Es beruhigt mich, wenn ich – wie wahrscheinlich sehr viele Ukrainerinnen – etwas für unser Land machen kann. Für unsere Kultur oder Gesellschaft. Darum sammle ich Bücher auf Floh­märkten und Bibliotheken, die etwas mit der ukrainischen Kultur zu tun haben, scanne Interessantes ein und baue ein Archiv auf.

Alle meine Gedanken an die Zukunft drehen sich um den Moment nach unserem Sieg und um das, was danach kommt. Wie viele Jahre es dauern wird, bis wir unser Land wieder­aufgebaut haben.

Planen tun wir entsprechend wenig, und wenn, dann sehr kurzfristig, maximal einen Monat im Voraus. Vor der Gross­invasion war mein Zeit­horizont langfristiger und umfasste Reisen, Besuche, Konzerte. Das fällt nun alles weg, und es fehlt mir nicht mal besonders. Obwohl, das stimmt nicht ganz, ich plane kurze Ferien ausserhalb der Ukraine und frage mich jetzt schon, wie das dann sein wird. Aber ich will mir eine Pause gönnen. Es war ein verstörendes Jahr, und vielleicht tut es mir gut, mal ein paar ganz normale, sorgenfreie Tage zu erleben. Wir müssen uns schützen, unsere Kraft bewahren.

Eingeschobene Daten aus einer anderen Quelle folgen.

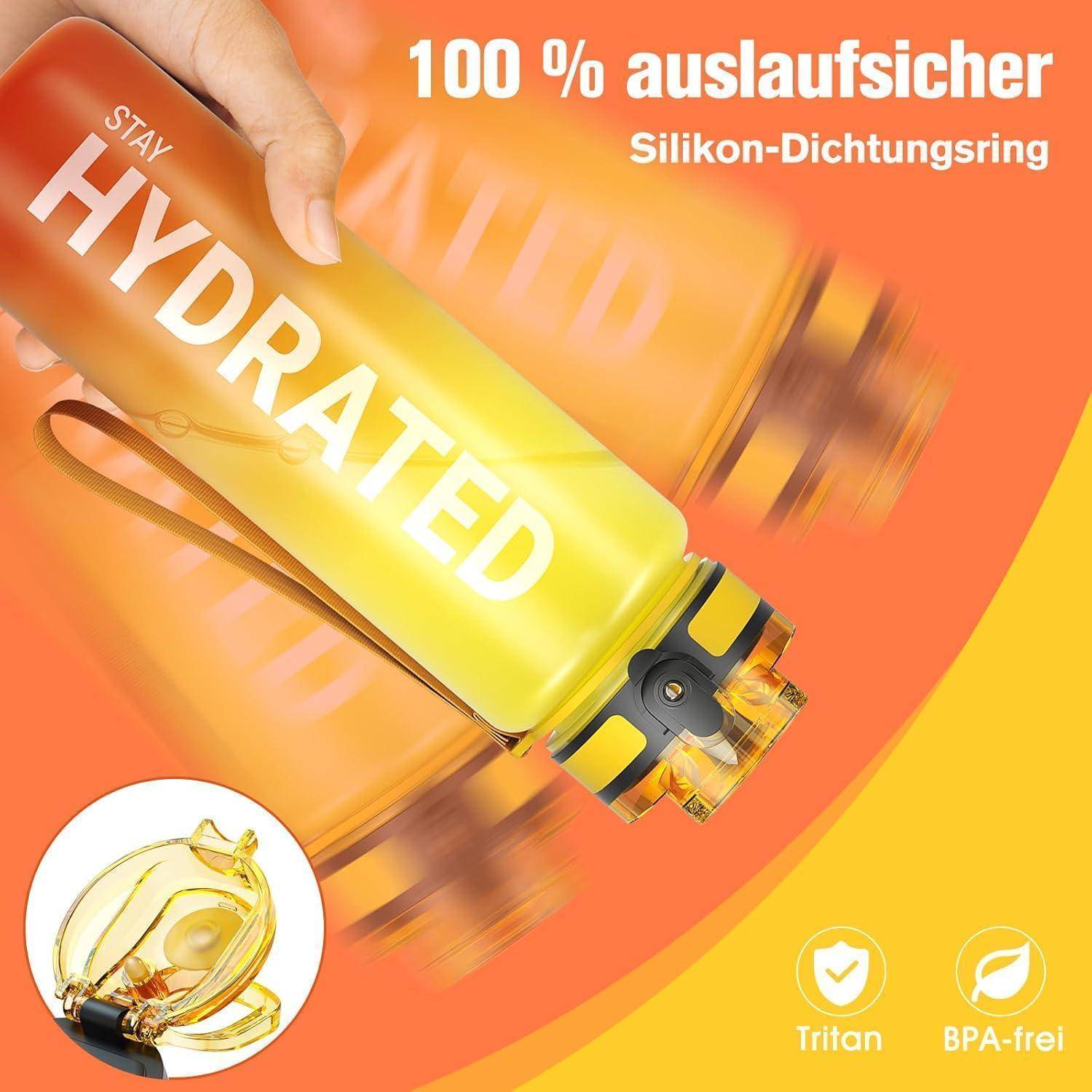 Gelbe Wasserflasche mit 'STAY HYDRATED' Schriftzug, Verschlussdeckel-Abbildung und hervorgehobenen Merkmalen: 100% auslaufsicher, Silikon-Dichtungsring, Tritan, BPA-frei.
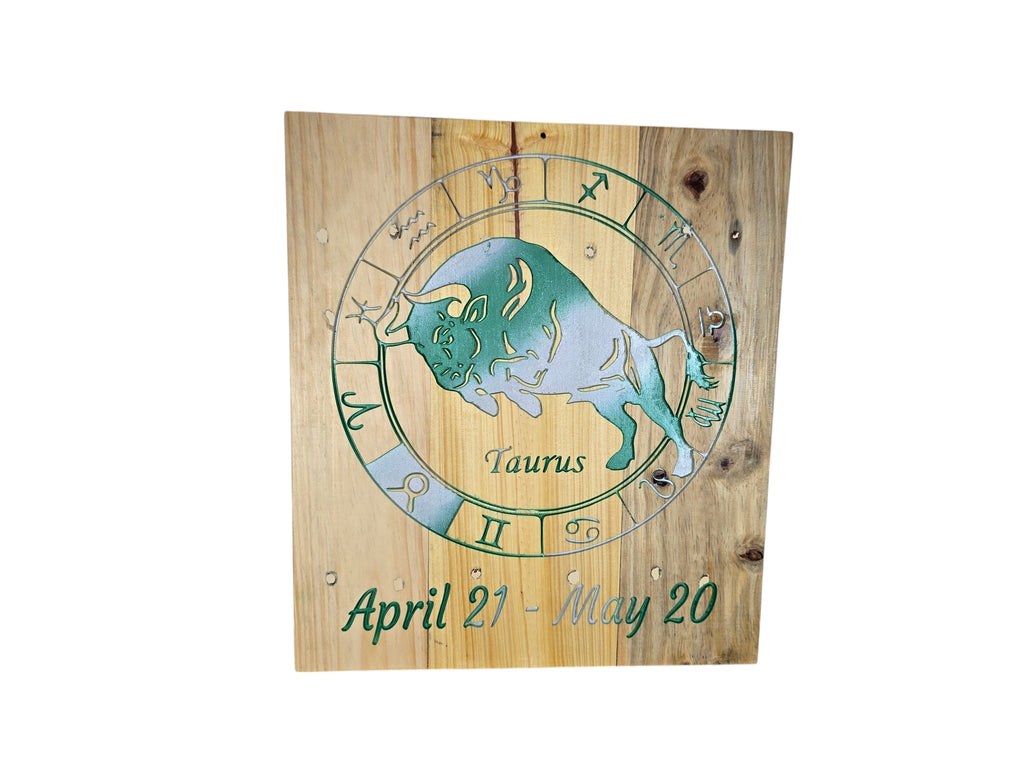 TK Wood Designs handcrafted wooden wall art featuring a green Taurus bull zodiac sign and dates on natural wood grain.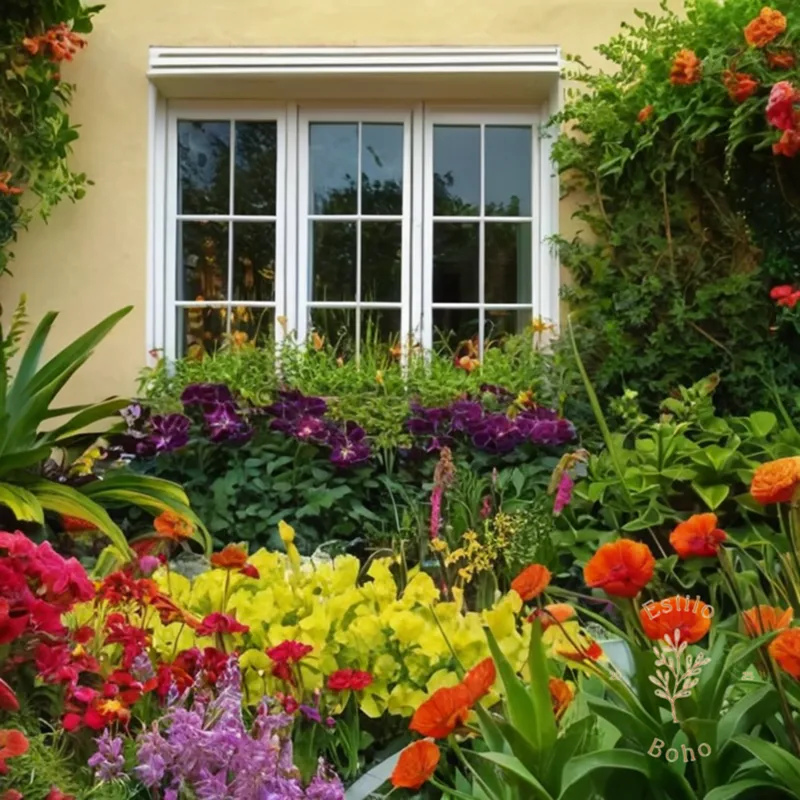 A lush, vibrant garden with eclectic plants and colorful flowers.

Blick vom Michaelplatz in Kiew auf die Sophienkathedrale.

Zum Fotografen

Lesha Berezovskiy arbeitet als freier Fotograf in Kiew. Er ist 1991 im ostukrainischen Bezirk Luhansk geboren. Als dort 2014 der Krieg ausbricht, zieht er in die Hauptstadt, wo er heute mit seiner Frau Agata lebt.